- Problem description:
Without any pictures, print the lines below from the one that has "Hyatt Place Houston" through the one that has "Provoking Your Season of Change - Paperback", exactly and nothing else.

- Opening Delimiter -

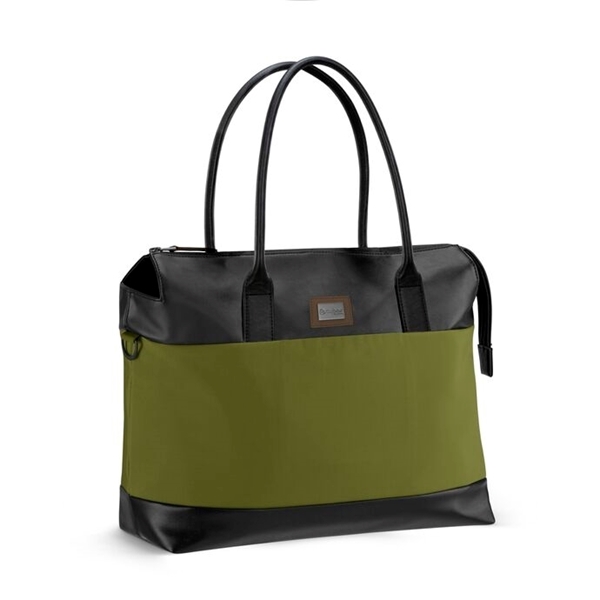 Cybex Τσάντα Αλλαγής Platinum Tote Bag Khaki Green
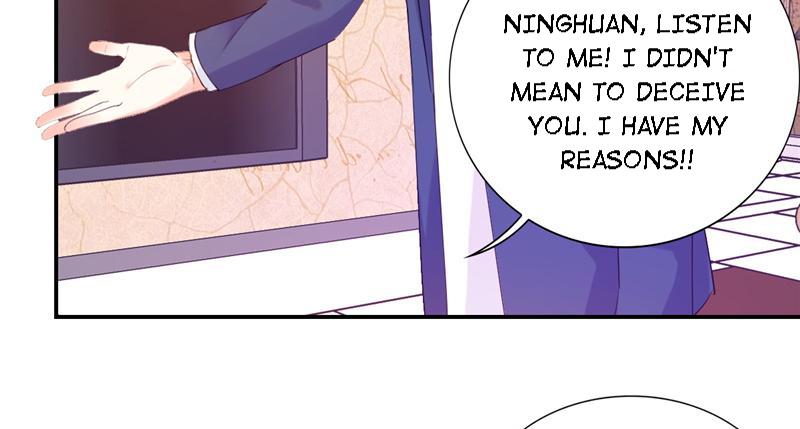 The Glorious Rebirth: Good Morning, Mrs. Fu Chapter 5 - page 30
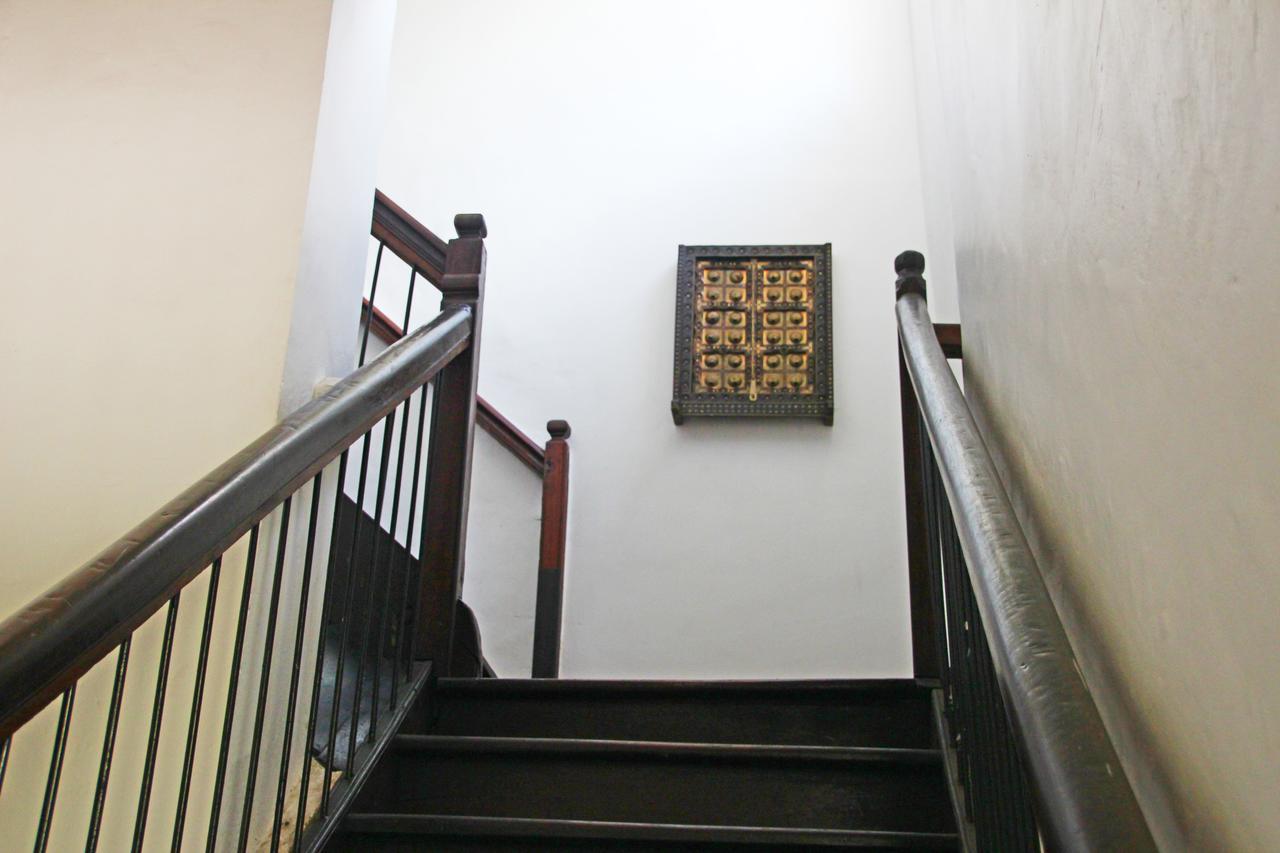 Bed & Breakfast Hiliki House 3*
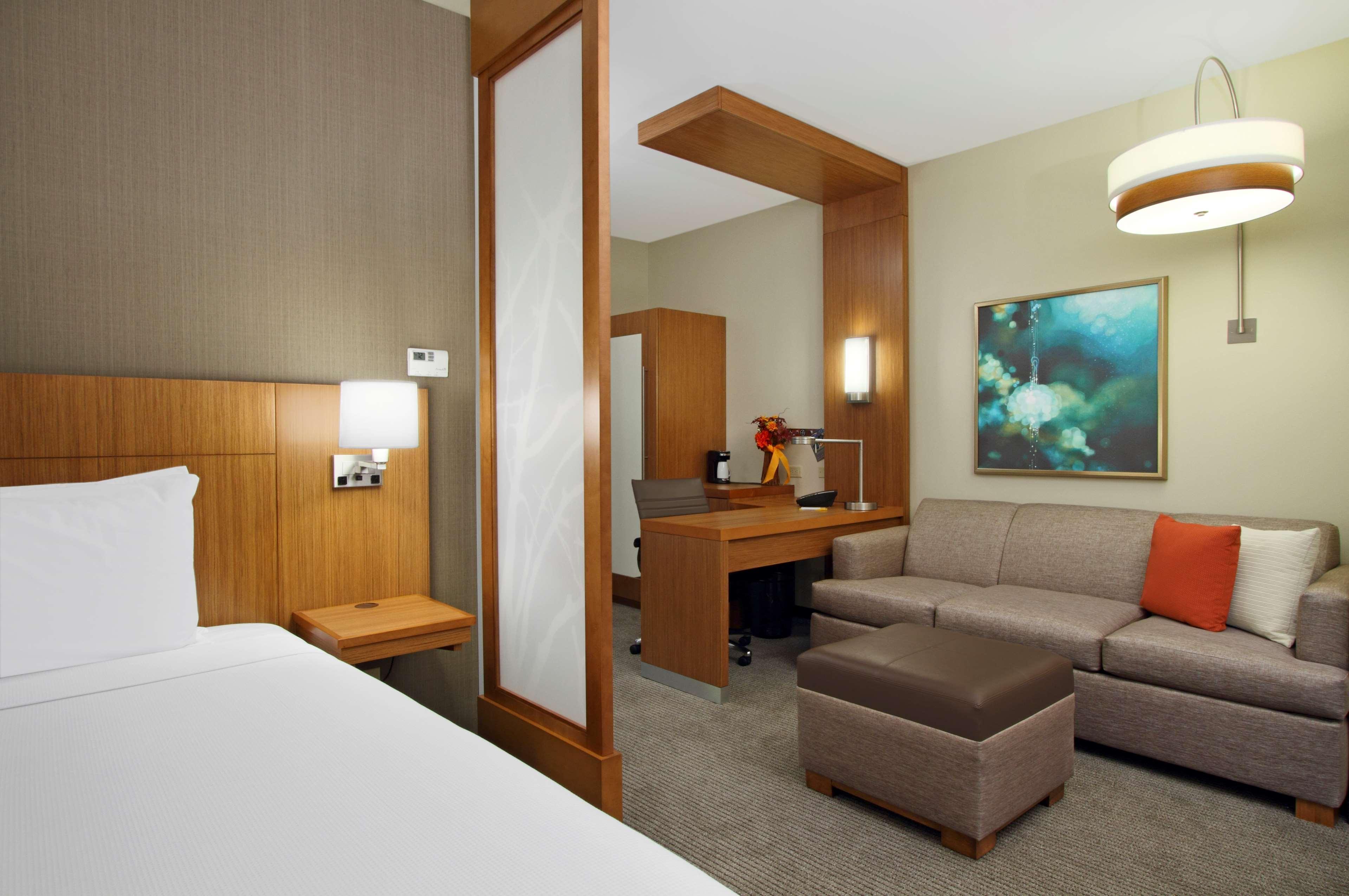 Hyatt Place Houston Nw Vintage Park Louetta Экстерьер фото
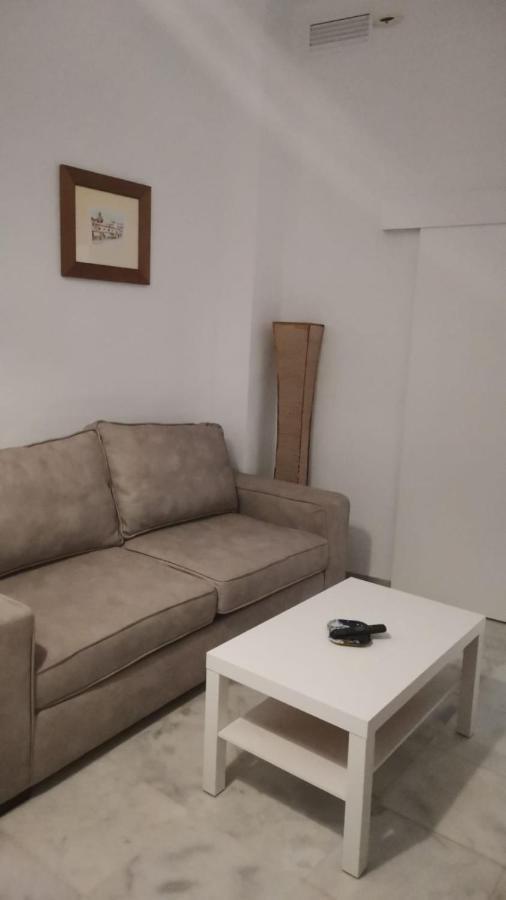 Apartamentos La Casa Del Pozo Santo เซบีญา ภายนอก รูปภาพ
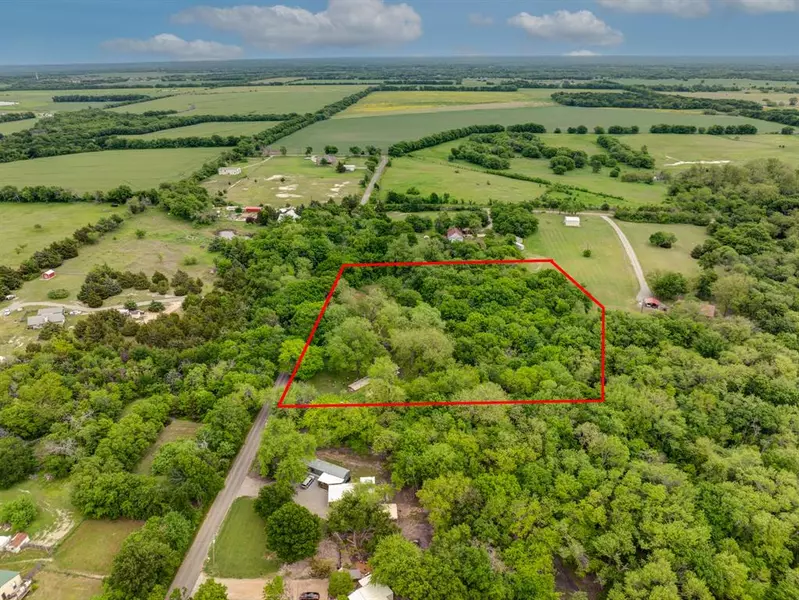 1688 Gant Road, Sherman, TX 75090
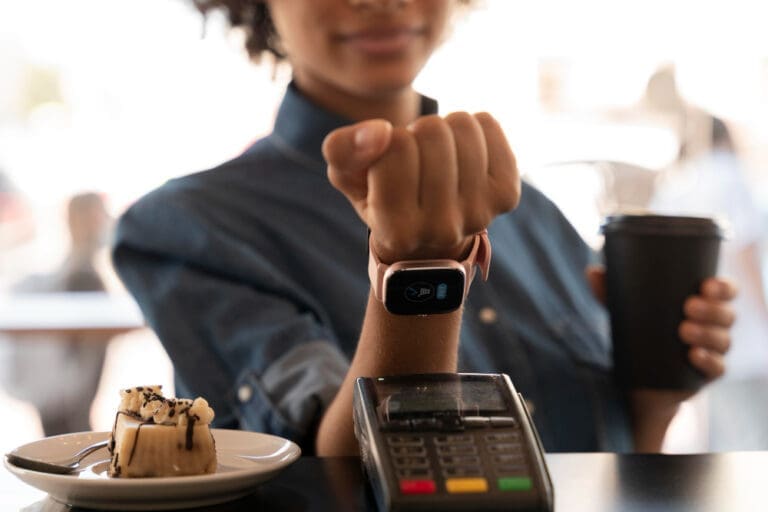 Digital payment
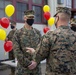 Pendleton CG cuts ribbon for new tax center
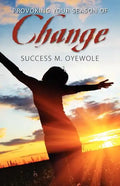Provoking Your Season of Change - Paperback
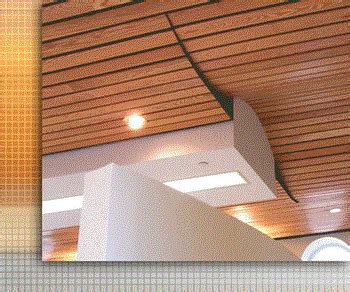 CEILING design – Optitech Infra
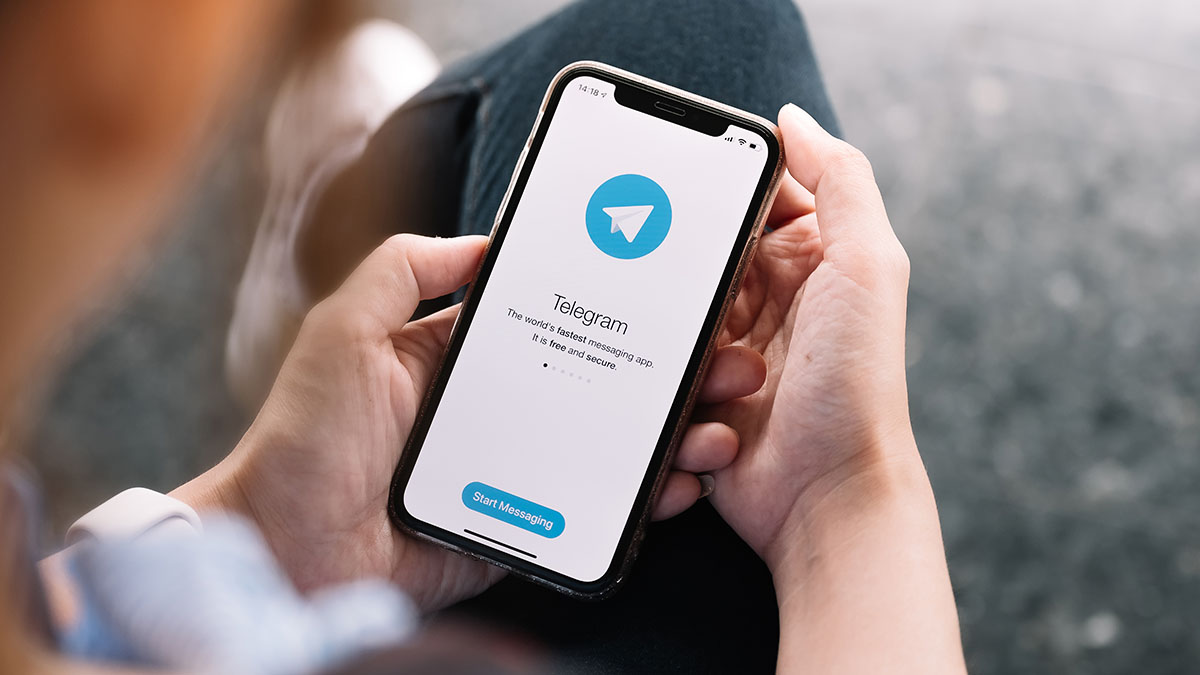 Telegram начал замораживать аккаунты пользователей за нарушение правил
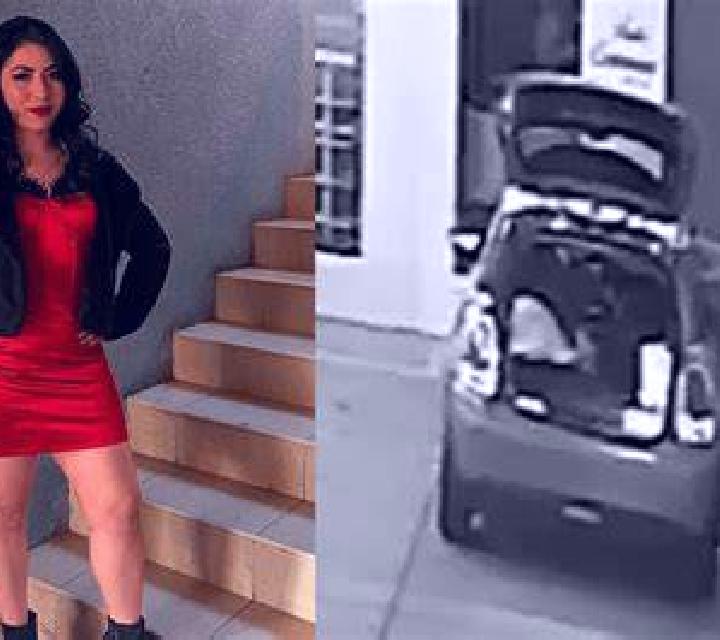 Patricia Cordovin escort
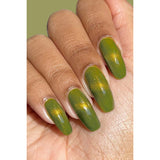 Cirque Colors - Nail Polish - Lynx 0.37 oz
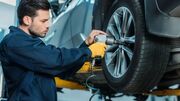 هر چند وقت یک‌بار باید جای چرخ‌های خودرو را عوض کرد؟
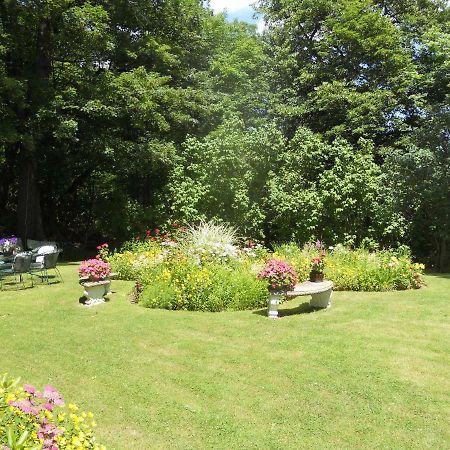 Ruah Bed & Breakfast Hague Екстериор снимка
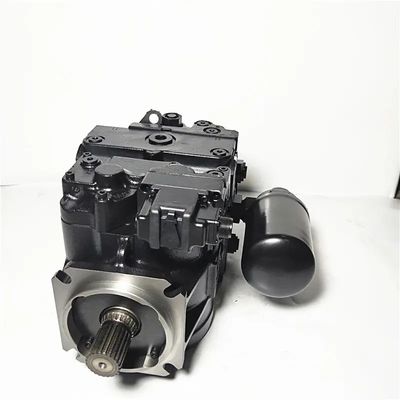 90 Series 90R 90R075 90R055 Hydraulic Piston Pump High Pressure For Excavator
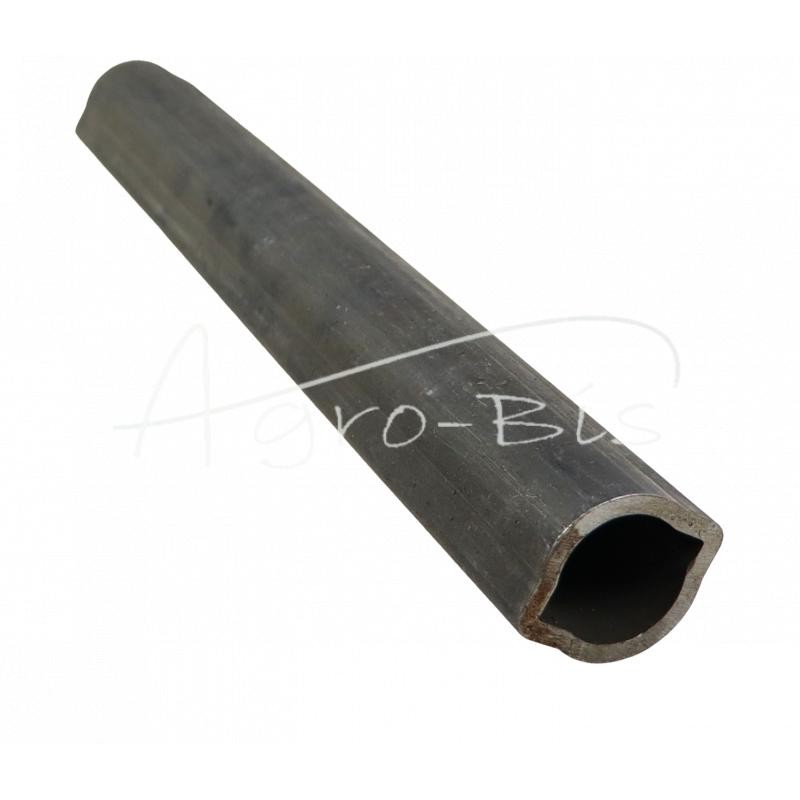 Kardaninio veleno vidinis vamzdis, citrininis, 49x39,5x4,5 mm, ilgis - 38,3 cm - R50210/010110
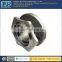 precision cnc machining casting alloy steel assemble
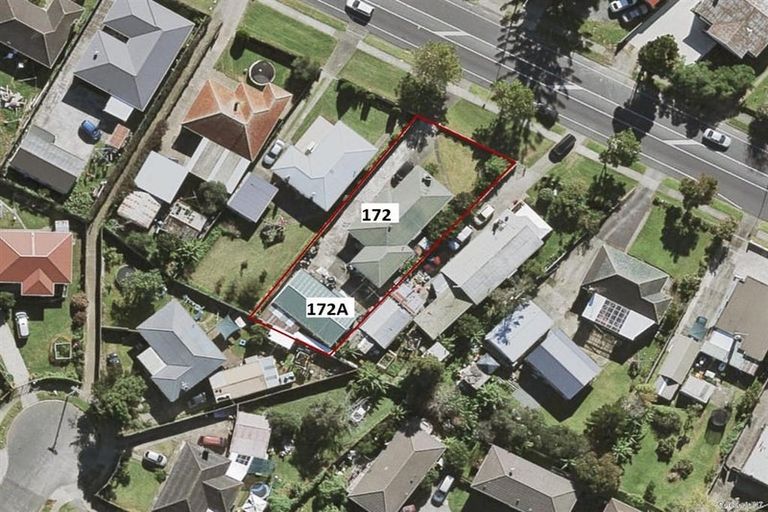 Photo of property in 172 Buckland Road, Mangere East, Auckland, 2024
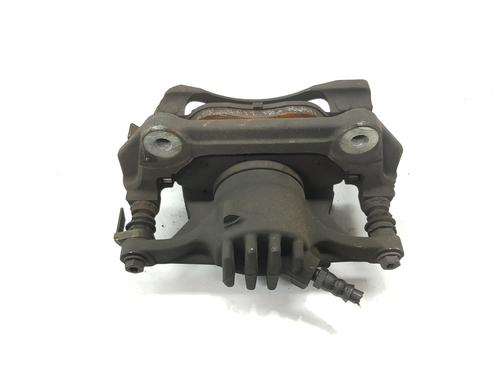 Left front brake caliper OPEL VIVARO B Bus (X82) 1.6 CDTI (06) | BP36678103M105 - Image 6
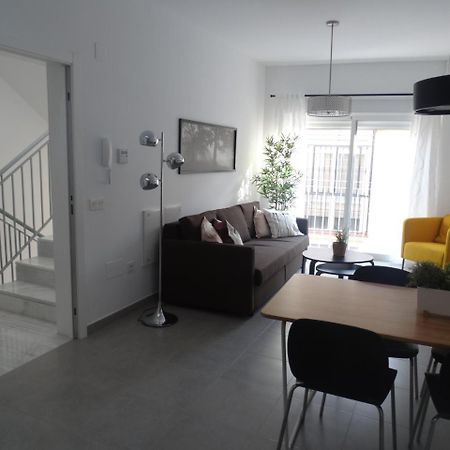 Malaga Apartamentos - Jinetes, 10 Exterior photo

- Closing Delimiter -

- Solution for this task:
 Hyatt Place Houston Nw Vintage Park Louetta Экстерьер фото
 Apartamentos La Casa Del Pozo Santo เซบีญา ภายนอก รูปภาพ
 1688 Gant Road, Sherman, TX 75090
 Digital payment
 Pendleton CG cuts ribbon for new tax center
Provoking Your Season of Change - Paperback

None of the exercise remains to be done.